From the line that contains "Vintage Tony Lama" through the line that contains "Kuchyň nebo kuchyňský", output every line of the listing below exactly and leave out all the rest.

Supplied data

● ● ●

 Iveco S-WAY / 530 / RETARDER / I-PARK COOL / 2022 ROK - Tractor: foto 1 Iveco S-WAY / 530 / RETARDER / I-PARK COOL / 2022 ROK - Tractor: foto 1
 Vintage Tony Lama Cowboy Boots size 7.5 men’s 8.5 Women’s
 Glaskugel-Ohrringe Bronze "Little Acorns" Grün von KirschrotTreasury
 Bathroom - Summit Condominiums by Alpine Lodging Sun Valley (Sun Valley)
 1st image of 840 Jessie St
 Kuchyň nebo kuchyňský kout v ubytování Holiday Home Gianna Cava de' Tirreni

● ● ●

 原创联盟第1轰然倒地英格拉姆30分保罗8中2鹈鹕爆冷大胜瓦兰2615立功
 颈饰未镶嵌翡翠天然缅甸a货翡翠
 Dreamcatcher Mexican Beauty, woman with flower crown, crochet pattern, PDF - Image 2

● ● ●

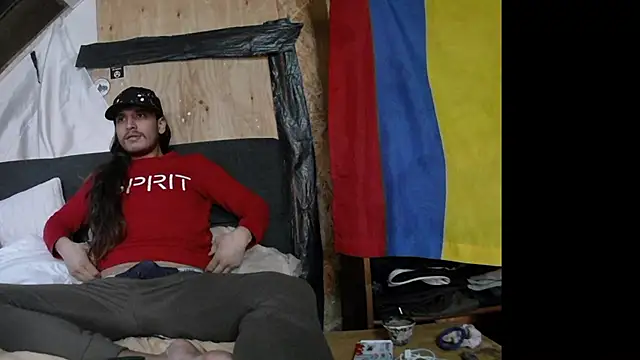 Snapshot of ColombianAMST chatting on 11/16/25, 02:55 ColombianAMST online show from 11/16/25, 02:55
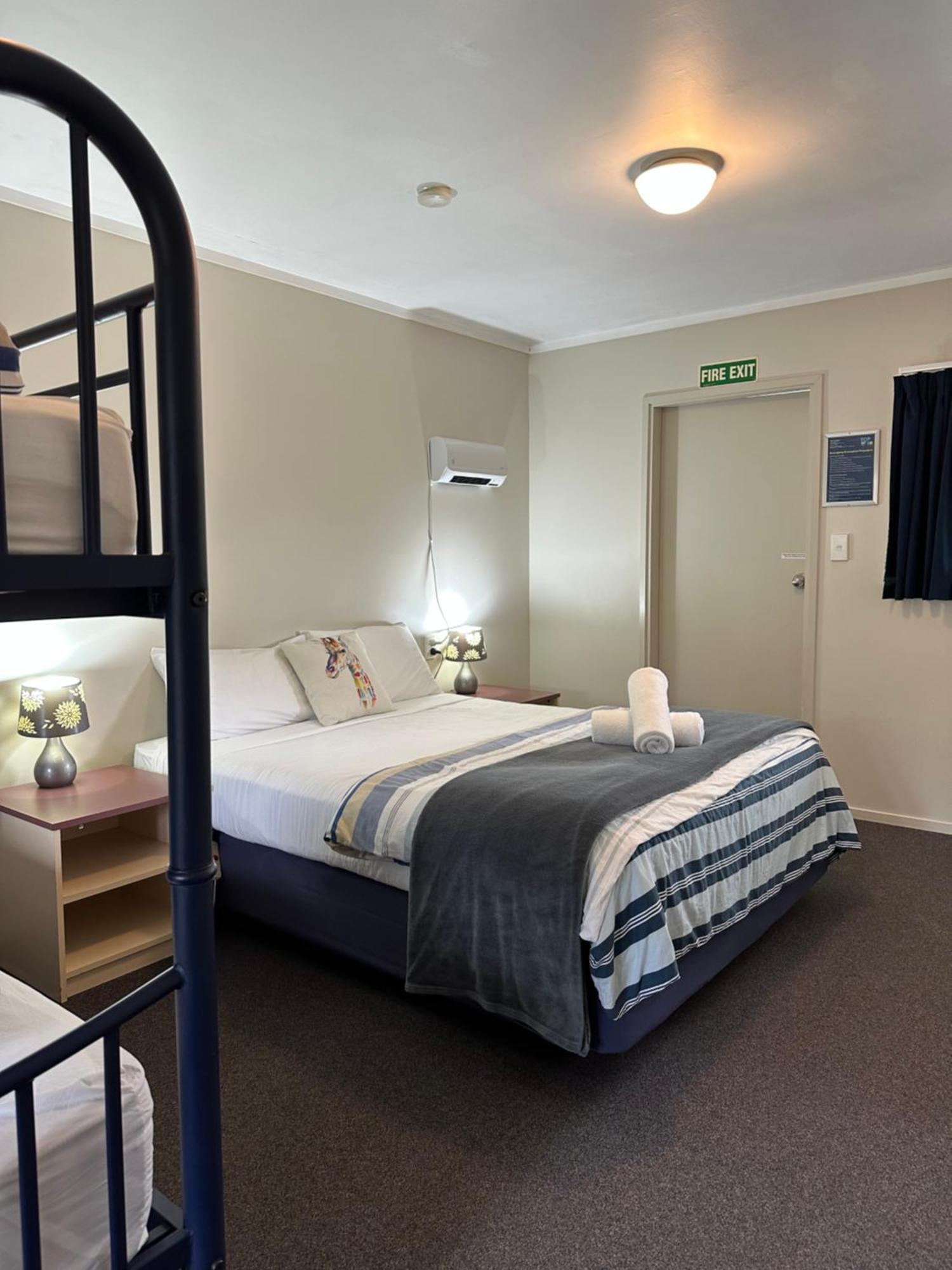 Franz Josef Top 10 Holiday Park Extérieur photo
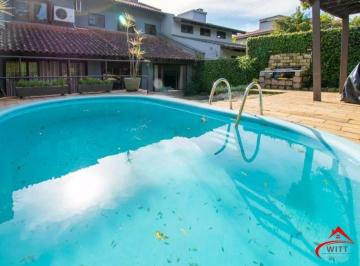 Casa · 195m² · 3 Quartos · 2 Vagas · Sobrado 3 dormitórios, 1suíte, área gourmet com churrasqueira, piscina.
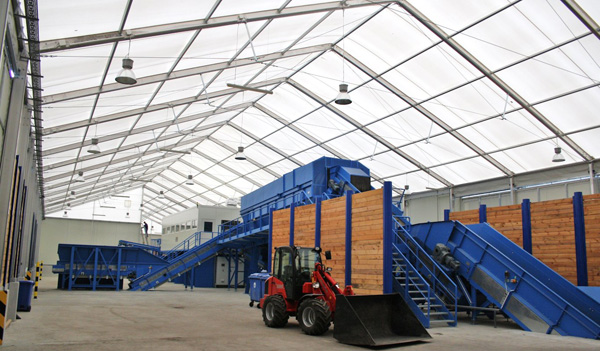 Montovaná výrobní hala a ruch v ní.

● ● ●

Answer section
 Vintage Tony Lama Cowboy Boots size 7.5 men’s 8.5 Women’s
 Glaskugel-Ohrringe Bronze "Little Acorns" Grün von KirschrotTreasury
 Bathroom - Summit Condominiums by Alpine Lodging Sun Valley (Sun Valley)
 1st image of 840 Jessie St
 Kuchyň nebo kuchyňský kout v ubytování Holiday Home Gianna Cava de' Tirreni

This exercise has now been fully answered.